> [Description of the task]
Output the listing verbatim, leaving out every picture.

> [Data block]

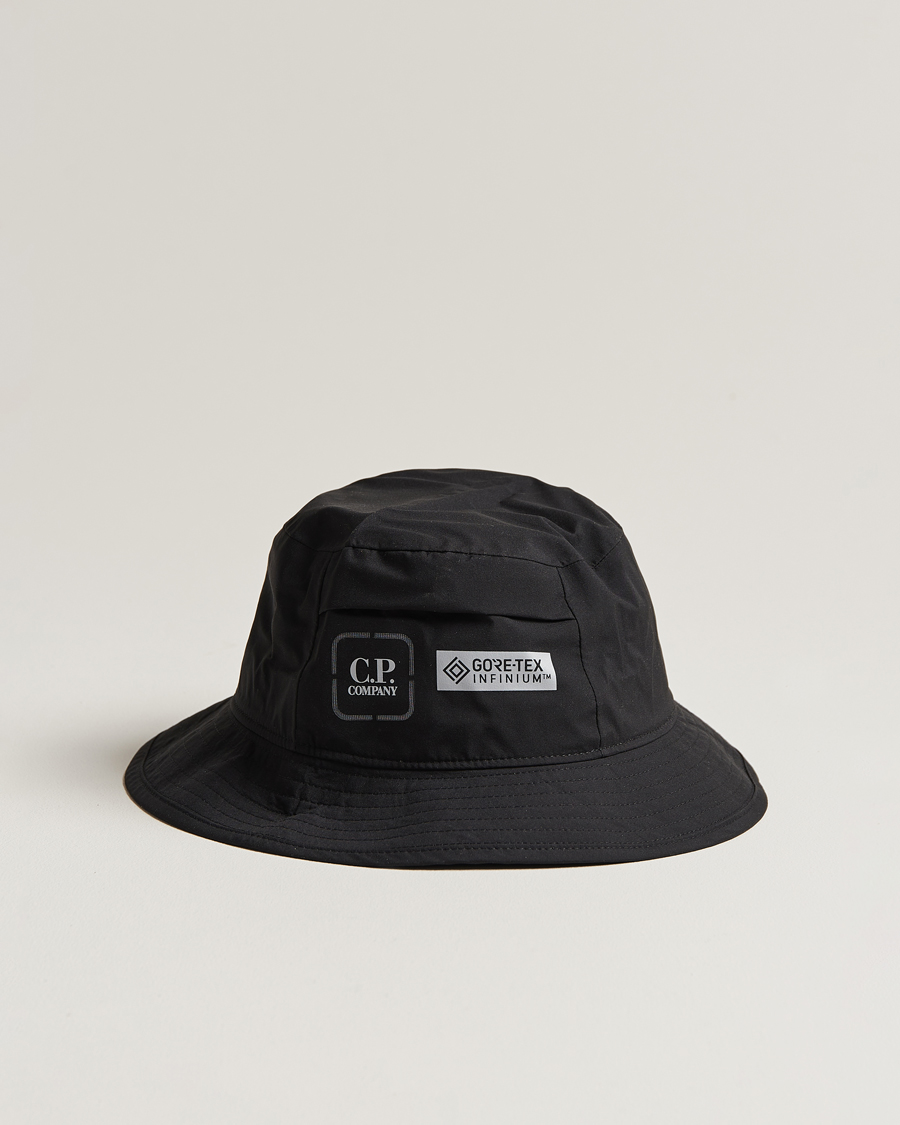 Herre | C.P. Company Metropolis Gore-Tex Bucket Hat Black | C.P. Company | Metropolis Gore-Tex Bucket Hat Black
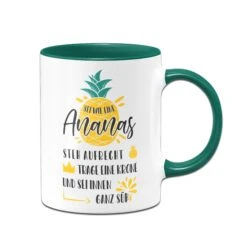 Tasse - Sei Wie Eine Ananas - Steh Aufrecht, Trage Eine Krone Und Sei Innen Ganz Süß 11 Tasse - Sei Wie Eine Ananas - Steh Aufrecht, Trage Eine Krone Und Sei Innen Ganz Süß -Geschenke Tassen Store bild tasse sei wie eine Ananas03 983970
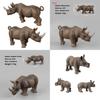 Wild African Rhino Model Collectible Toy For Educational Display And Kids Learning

> [Answer to the exercise]
 Herre | C.P. Company Metropolis Gore-Tex Bucket Hat Black | C.P. Company | Metropolis Gore-Tex Bucket Hat Black
 Tasse - Sei Wie Eine Ananas - Steh Aufrecht, Trage Eine Krone Und Sei Innen Ganz Süß 11 Tasse - Sei Wie Eine Ananas - Steh Aufrecht, Trage Eine Krone Und Sei Innen Ganz Süß -Geschenke Tassen Store bild tasse sei wie eine Ananas03 983970
 Wild African Rhino Model Collectible Toy For Educational Display And Kids Learning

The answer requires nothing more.